Mack is quick to point out that LEA is only possible with the help of industry organizations. He named Keeneland, the Kentucky Horse Park and Spy Coast Farm as a few of their biggest supporters.
“We've had a great deal of support from the equine community and the corporate community,” he explained. “Part of our pipeline is developing and leveraging those relationships and resources. Through that, we're able to have the kids travel and get hands-on activities to expose them to all things equine. We are very proud of the alliances that we have created here over the last several years to grow what we do.”
LEA activities are also made possible through their annual Legacy Ball, a high-end charity event featuring food, live music and bourbon. Proceeds from the event benefit LEA and the many scholarships that the Legacy organization puts together every year.
Mack explained that the idea for the Legacy Ball actually developed before Legacy Equine Academy came about. When he was first learning about the history of racing, he came up with the idea of the Legacy Ball in hopes of educating the community about the historical accomplishments of African American horsemen.
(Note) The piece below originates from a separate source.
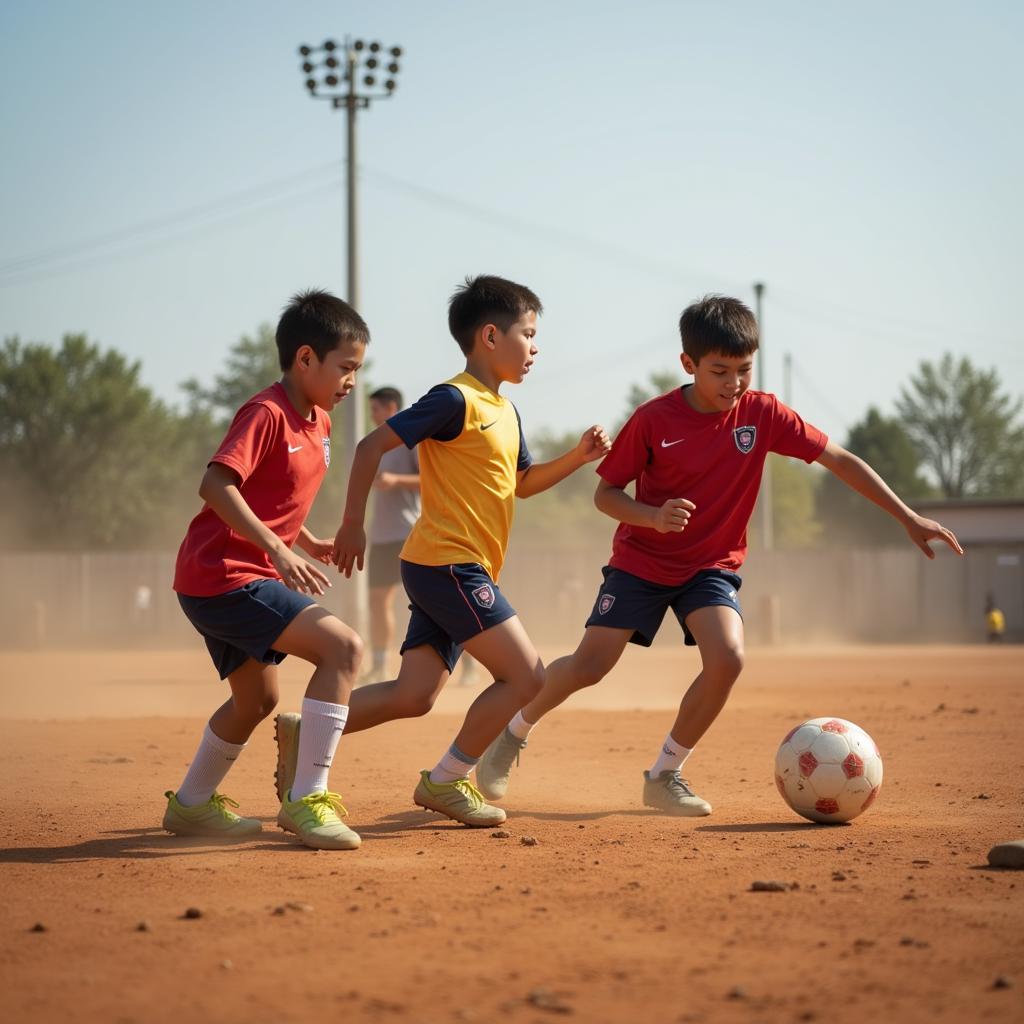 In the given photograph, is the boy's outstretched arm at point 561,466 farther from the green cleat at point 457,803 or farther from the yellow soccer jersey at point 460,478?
the green cleat at point 457,803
He organized a meeting with Claiborne's Seth Hancock to pitch his idea.
“I will never forget Seth's response,” Mack recalled. “Seth said they would support the Legacy Ball and that he thought it was a great idea, but he wanted to talk more about the industry at large as far as the racial makeup of the industry. After that conversation is when I created the Legacy Equine Academy because there was an opportunity to better educate young people and give them exposure and access to the professional opportunities in the industry.”
While the Legacy Ball could not be held in 2020 and 2021 due to COVID, it will return for it's fourth year on Saturday, April 30 at Fasig-Tipton. The event will be hosted by University of Kentucky basketball legend Jack Givens.
“We're offering the public an opportunity to help us support the mission that we're on to educate our young people,” Mack said. “This is our main fundraising mechanism to grow and get more resource for what we do. We want to have a very diversified group of folks come out and enjoy the event–whether they're industry folks, politicians or educators.”
As LEA continues to grow, they are working to broaden their reach geographically by expanding into Scott County outside of Lexington and into the Louisville area.
“This is where the corporate industry and the Thoroughbred industry can hop on board with us and support us, and we have already received a great deal of support from many organizations in the industry,” Mack said. “With the growth of what we do, we continue to need transportation for the organization and we continue to need funding to offer a broader, bigger footprint.”